• Task brief
Your answer is the line containing "Used MG HS Excite" plus every line after it to the end of the data below, transcribed exactly and with nothing else.

• Records from a collection
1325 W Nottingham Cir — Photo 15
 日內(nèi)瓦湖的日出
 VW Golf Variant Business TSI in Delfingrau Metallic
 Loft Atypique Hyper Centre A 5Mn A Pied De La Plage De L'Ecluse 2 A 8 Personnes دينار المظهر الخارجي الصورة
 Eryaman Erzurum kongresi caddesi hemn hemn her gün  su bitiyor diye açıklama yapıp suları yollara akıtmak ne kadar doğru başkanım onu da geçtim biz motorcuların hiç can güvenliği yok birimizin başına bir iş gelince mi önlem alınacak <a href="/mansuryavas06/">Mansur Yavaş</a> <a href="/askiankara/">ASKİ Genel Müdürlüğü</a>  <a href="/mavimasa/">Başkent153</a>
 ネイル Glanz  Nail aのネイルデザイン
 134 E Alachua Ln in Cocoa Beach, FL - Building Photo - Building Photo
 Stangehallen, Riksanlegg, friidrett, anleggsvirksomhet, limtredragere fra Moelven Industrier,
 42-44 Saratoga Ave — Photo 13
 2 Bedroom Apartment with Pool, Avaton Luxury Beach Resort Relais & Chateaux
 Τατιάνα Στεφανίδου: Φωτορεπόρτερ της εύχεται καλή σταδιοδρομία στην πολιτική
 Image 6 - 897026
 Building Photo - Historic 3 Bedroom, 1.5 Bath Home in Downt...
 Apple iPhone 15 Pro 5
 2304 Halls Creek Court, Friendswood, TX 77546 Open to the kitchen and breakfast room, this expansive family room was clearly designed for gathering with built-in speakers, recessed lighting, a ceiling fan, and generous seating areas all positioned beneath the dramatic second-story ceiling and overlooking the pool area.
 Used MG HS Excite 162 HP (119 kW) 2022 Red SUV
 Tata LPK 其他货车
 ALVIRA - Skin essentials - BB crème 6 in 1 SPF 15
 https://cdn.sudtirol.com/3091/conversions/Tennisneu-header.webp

• Response area
 Used MG HS Excite 162 HP (119 kW) 2022 Red SUV
 Tata LPK 其他货车
 ALVIRA - Skin essentials - BB crème 6 in 1 SPF 15
 https://cdn.sudtirol.com/3091/conversions/Tennisneu-header.webp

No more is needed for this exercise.